Task prompt:
Return the records word for word. Any pictures in them are not part of the copy.

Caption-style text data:
━━━━━━━━
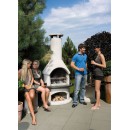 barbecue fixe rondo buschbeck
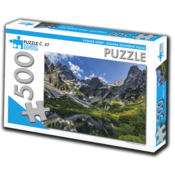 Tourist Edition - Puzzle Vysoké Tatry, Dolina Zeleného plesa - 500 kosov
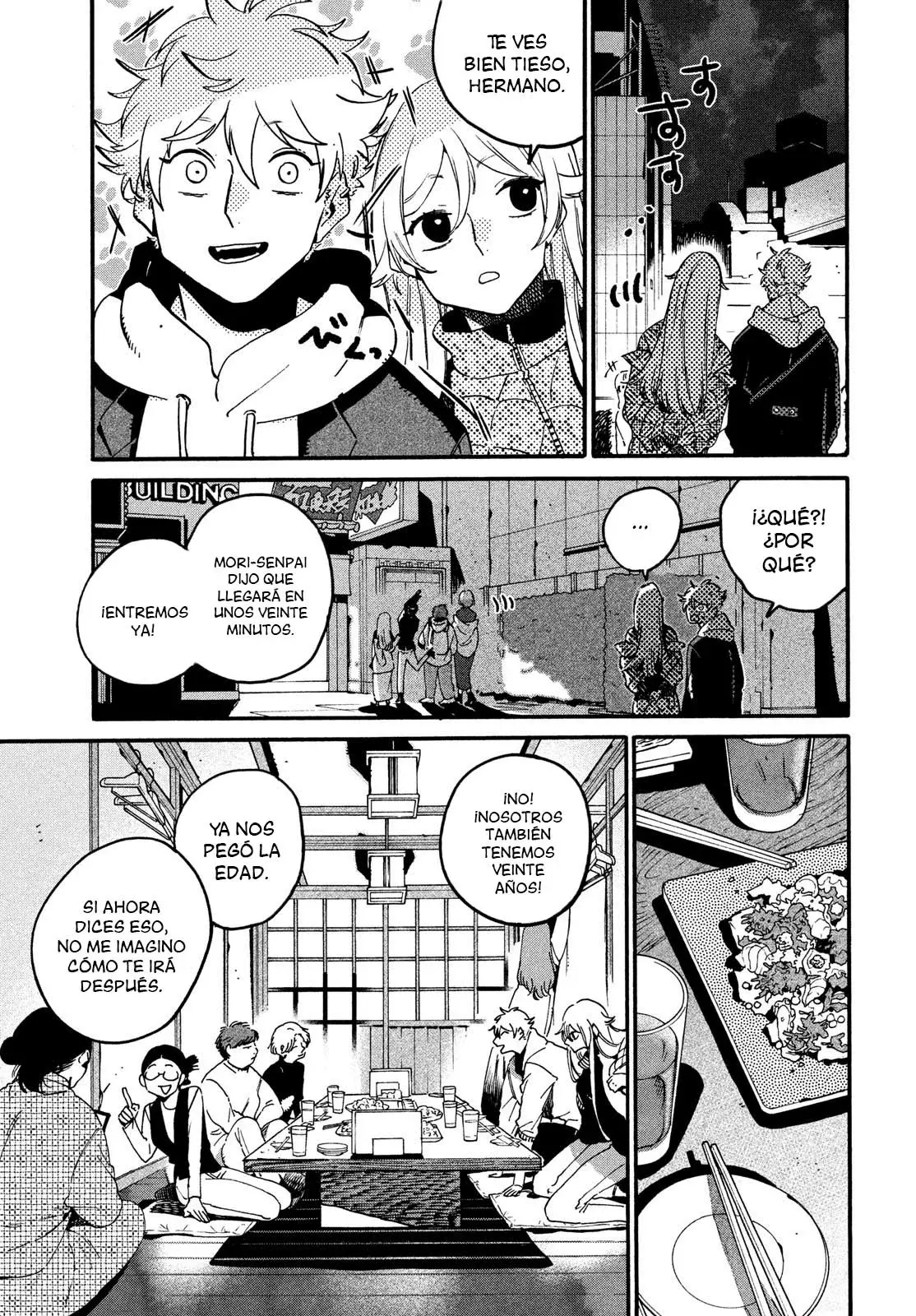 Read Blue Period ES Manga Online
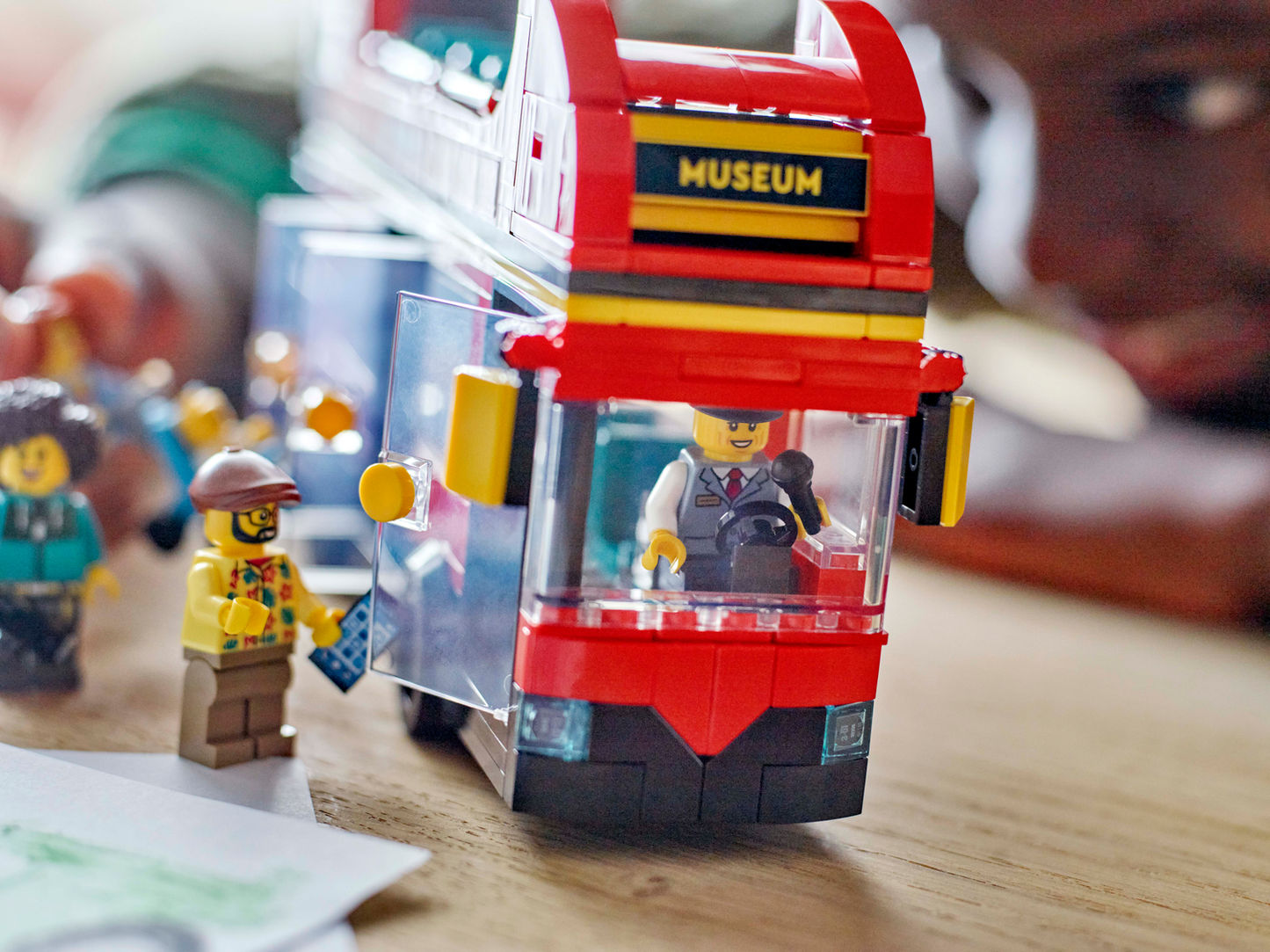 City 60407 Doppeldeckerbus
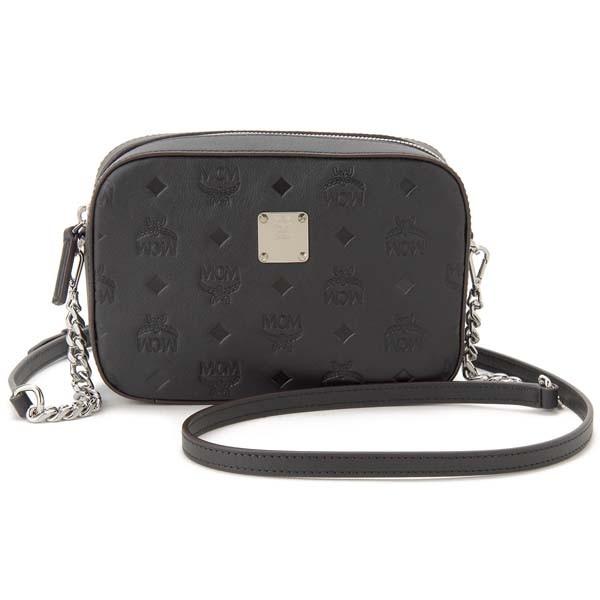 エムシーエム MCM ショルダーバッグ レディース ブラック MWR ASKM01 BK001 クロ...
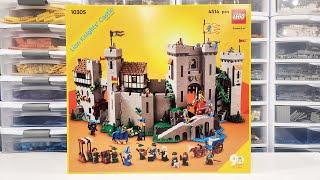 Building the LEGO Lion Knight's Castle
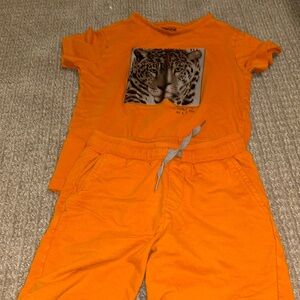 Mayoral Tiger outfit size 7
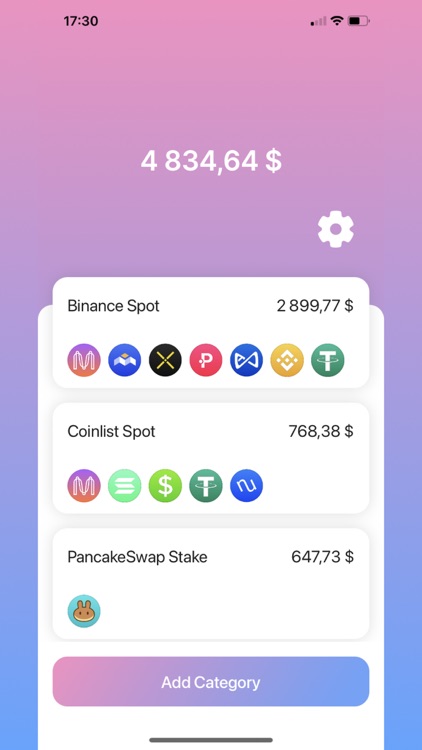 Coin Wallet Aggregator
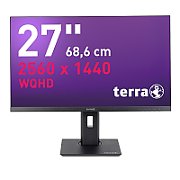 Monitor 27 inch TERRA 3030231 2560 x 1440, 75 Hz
━━━━━━━━
Response below:
 barbecue fixe rondo buschbeck
 Tourist Edition - Puzzle Vysoké Tatry, Dolina Zeleného plesa - 500 kosov
 Read Blue Period ES Manga Online
 City 60407 Doppeldeckerbus
 エムシーエム MCM ショルダーバッグ レディース ブラック MWR ASKM01 BK001 クロ...
 Building the LEGO Lion Knight's Castle
 Mayoral Tiger outfit size 7
 Coin Wallet Aggregator
 Monitor 27 inch TERRA 3030231 2560 x 1440, 75 Hz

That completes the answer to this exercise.